* RECORDED DATA:
=== Section Start ===
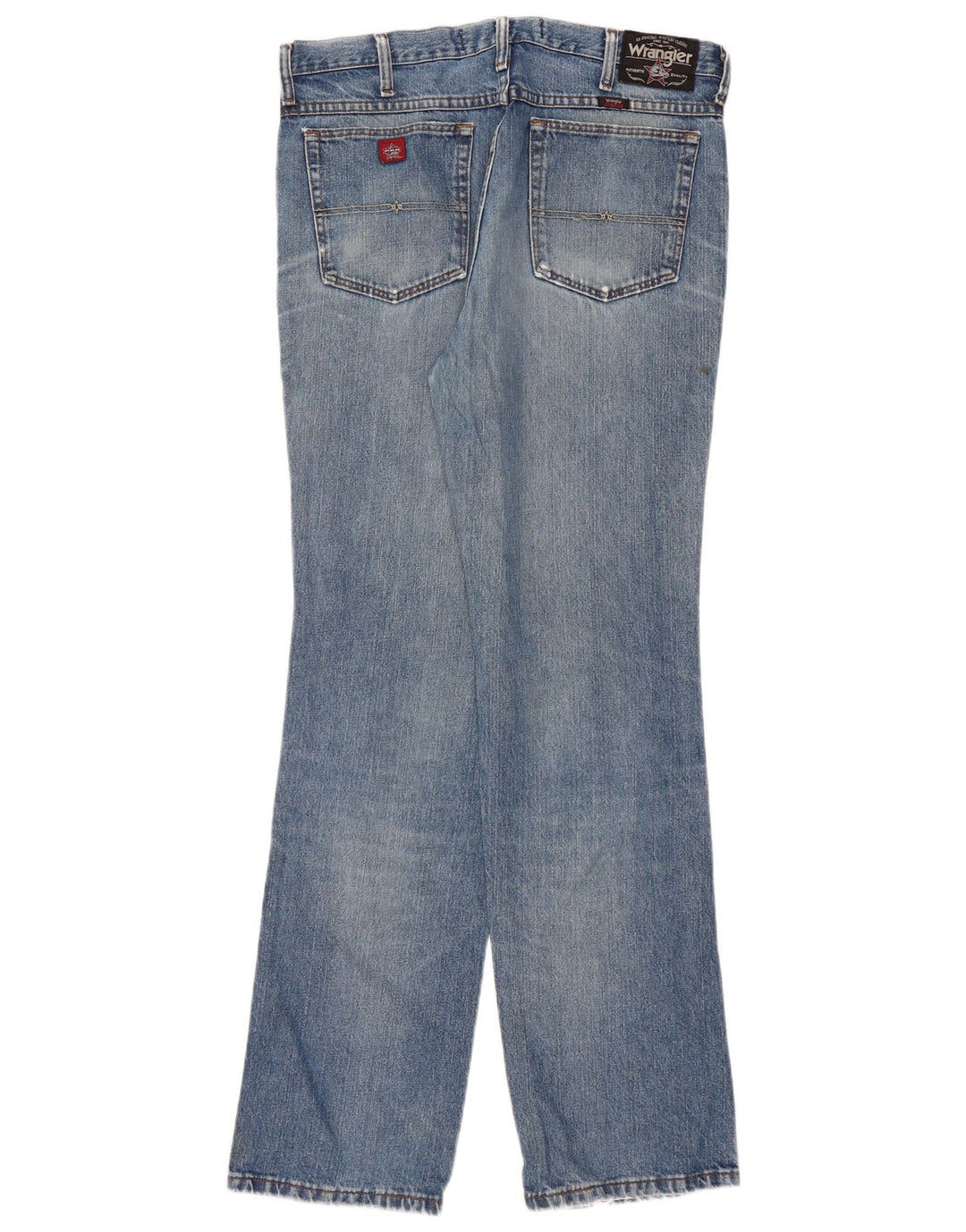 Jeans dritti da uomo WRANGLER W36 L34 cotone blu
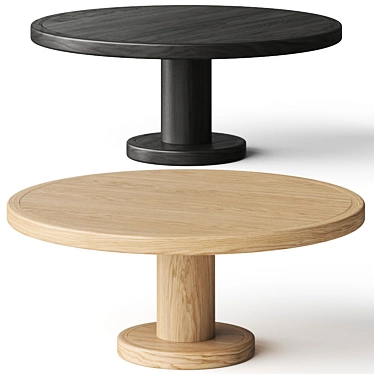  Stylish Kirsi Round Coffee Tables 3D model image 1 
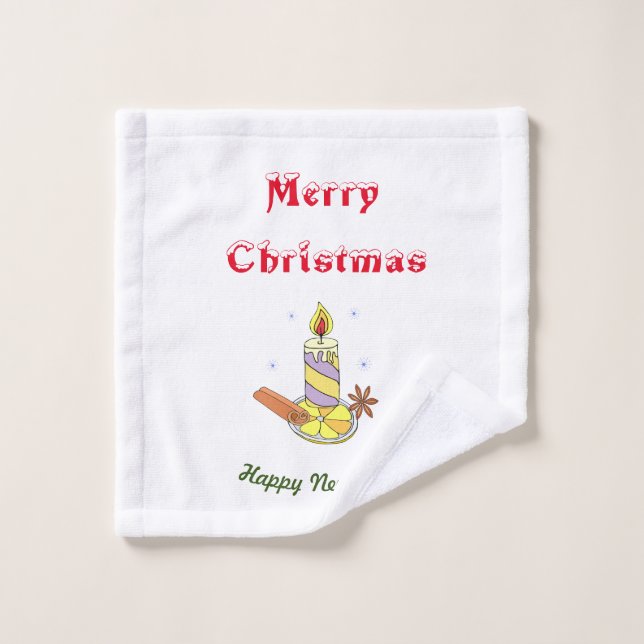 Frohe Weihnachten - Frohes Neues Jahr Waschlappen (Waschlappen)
=== Section End ===
* WHAT IS BEING ASKED: Could the material above be given again in full and exactly, with its pictures left out?

* OUTPUT BELOW:
 Jeans dritti da uomo WRANGLER W36 L34 cotone blu
  Stylish Kirsi Round Coffee Tables 3D model image 1 
 Frohe Weihnachten - Frohes Neues Jahr Waschlappen (Waschlappen)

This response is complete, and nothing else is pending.